A carga de abstração presente no termo “uso extremado” e a generalização das sanções previstas na decisão que suspendeu a plataforma (penalidade de 50 mil reais aos usuários que acessarem o X) colocam em xeque princípios básicos do Estado de Direito.

O mero bloqueio de uma plataforma de comunicação tão significativa quanto o X já suscita preocupações relacionadas à prática de censura governamental e a limitação da liberdade de expressão dos milhares de indivíduos que acessavam a rede social. Contudo, a extensão das medidas para punir individualmente usuários que buscam alternativas para exercer seu direito à informação e à manifestação extrapola os limites da razoabilidade e da proporcionalidade.

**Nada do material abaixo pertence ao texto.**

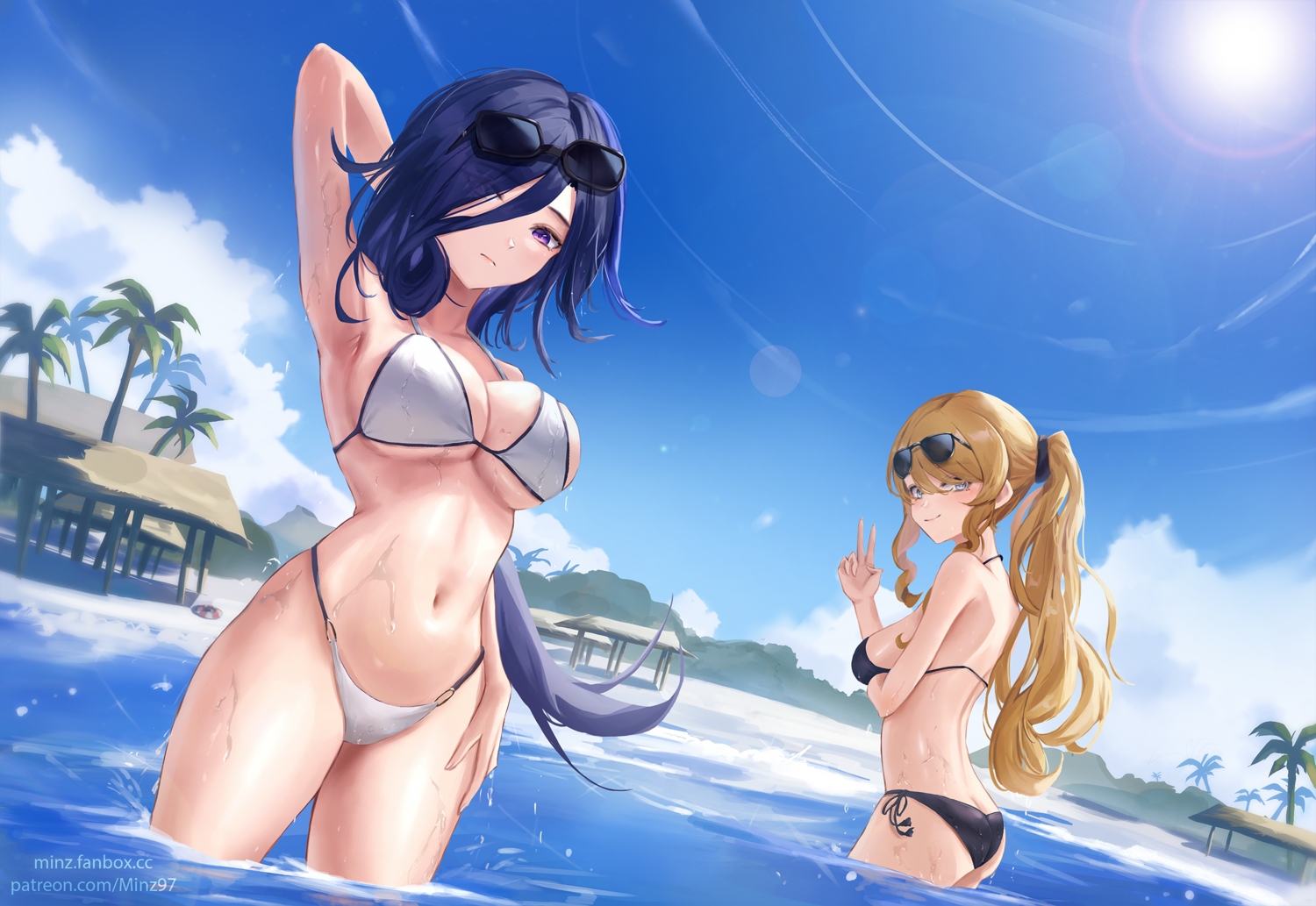2girls, ass, beach, bikini, blonde_hair, blue_hair, breast_hold, breasts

O princípio da legalidade estabelece que não há crime sem lei anterior que o defina, nem pena sem prévia cominação legal. Ao aplicar sanções genéricas e abstratas a cidadãos que não estão diretamente envolvidos nas práticas supostamente ilícitas da plataforma, o supremo atua contrariamente à função que lhe é comumente atribuída de “guardião” da Constituição para, pelo contrário, atuar contrariamente a disposições constitucionais.

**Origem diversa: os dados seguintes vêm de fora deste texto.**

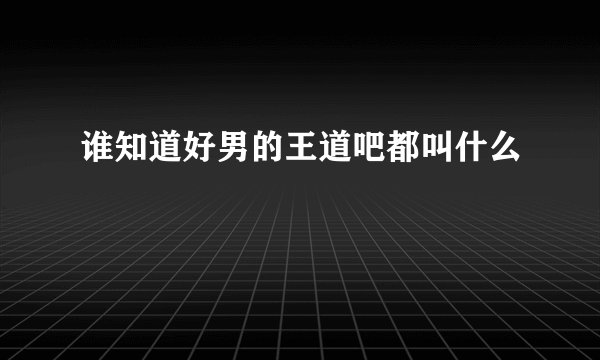 谁知道好男的王道吧都叫什么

Ademais, a falta de clareza sobre quais condutas serão consideradas ilícitas e a desproporcionalidade das multas previstas criam um ambiente de insegurança jurídica e temor, propício a originar o chamado chilling effect[2]. A possibilidade de qualquer cidadão ser penalizado em valores exorbitantes por ações que não estão claramente tipificadas representa uma ameaça direta às liberdades individuais e ao devido processo legal.

A utilização de VPNs é uma prática comum e legítima, seja para proteger dados pessoais, preservar a privacidade do indivíduo, acessar conteúdos indisponíveis em determinadas regiões ou garantir a liberdade de expressão em ambientes restritivos. Criminalizar essa ferramenta, ainda mais sem uma fundamentação jurídica sólida, é um passo perigoso rumo ao cerceamento de liberdades essenciais ao indivíduo.

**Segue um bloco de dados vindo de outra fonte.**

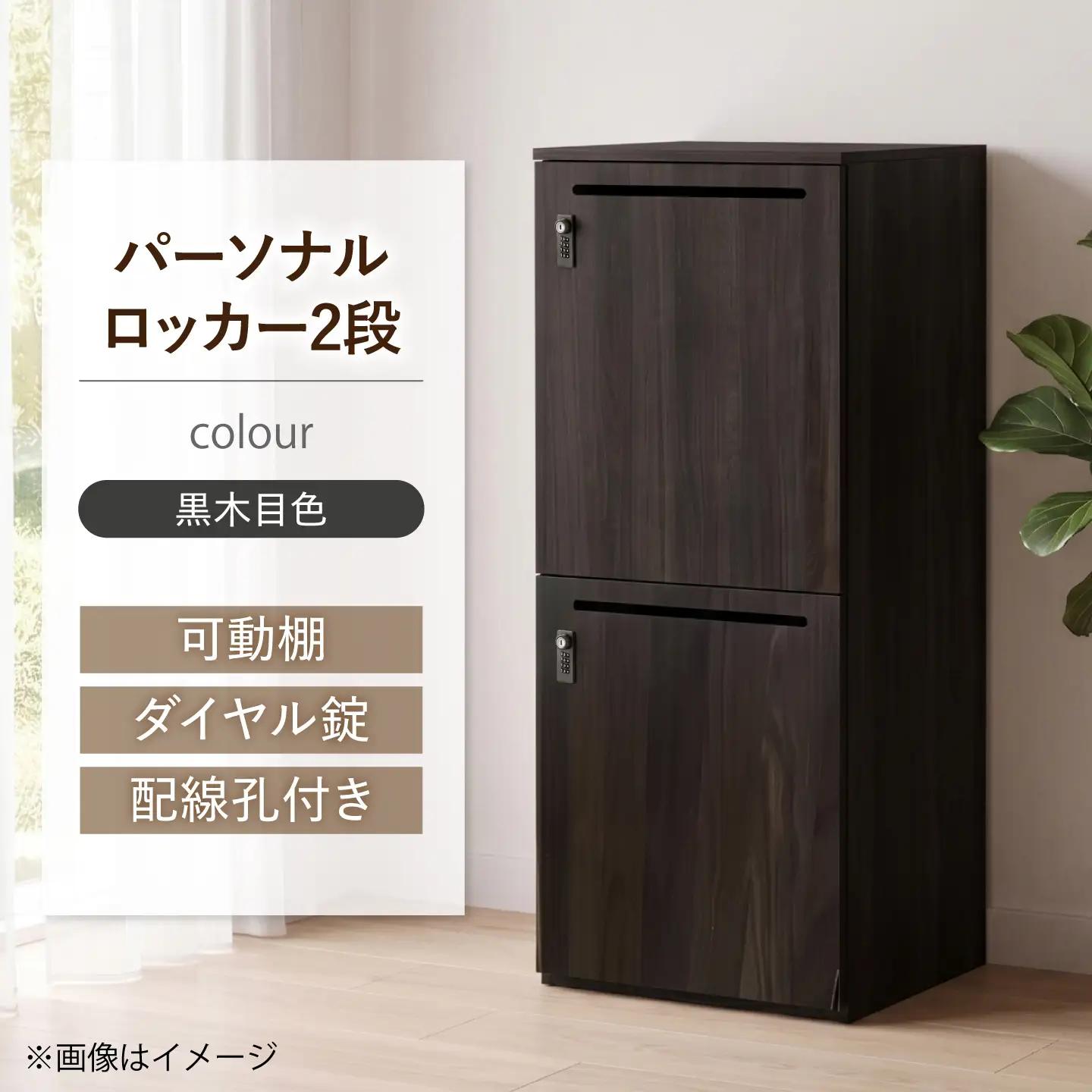 【2段/黒木目】 パーソナルロッカー 2段 RGP4545-2 黒木目色 ロッカー 収納 木製 愛西市 / タック株式会社[AEAH028-2]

A postura do STF levanta preocupações sobre um potencial excesso de poder e uma inclinação autoritária. A centralização de funções de investigador, acusador e juiz em uma única autoridade desafia os princípios da separação dos poderes e do contraditório, pilares essenciais de uma sociedade verdadeiramente livre.

A Ordem dos Advogados do Brasil (OAB), manifestou-se contra as multas impostas, apontando diversas violações a preceitos fundamentais. Essa reação indica o grau de inquietação que tais decisões têm provocado em setores importantes da sociedade.

As instituições brasileiras devem atuar dentro dos limites constitucionais e em respeito às liberdades individuais. A luta contra a desinformação e as práticas de discurso de ódio não pode servir de fundamentam para a implementação de medidas autoritárias que fragilizam a liberdade do indivíduo. A história nos mostra que o caminho para o totalitarismo é pavimentado por pequenas concessões de liberdade em nome de um bem maior.

Em um mundo cada vez mais conectado, a liberdade digital é uma extensão das liberdades civis. Proteger o direito de acesso à informação e de livre manifestação na internet é essencial para a manutenção de uma sociedade aberta e plural.

Nesse contexto, para a preservação das liberdades individuais no futuro da internet, o Supremo deve exercer o papel de “guardião” e não de “senhor” da Constituição e das liberdades nela previstas.

[1] https://www.estadao.com.br/opiniao/uma-suprema-corte-kafkiana/.

[2] O chilling effect refere-se à autocensura que um indivíduo se impõe, motivada pelo medo de represálias legais, sociais ou econômicas. Esse fenômeno mina a liberdade de expressão e impede que uma sociedade seja considerada verdadeiramente livre.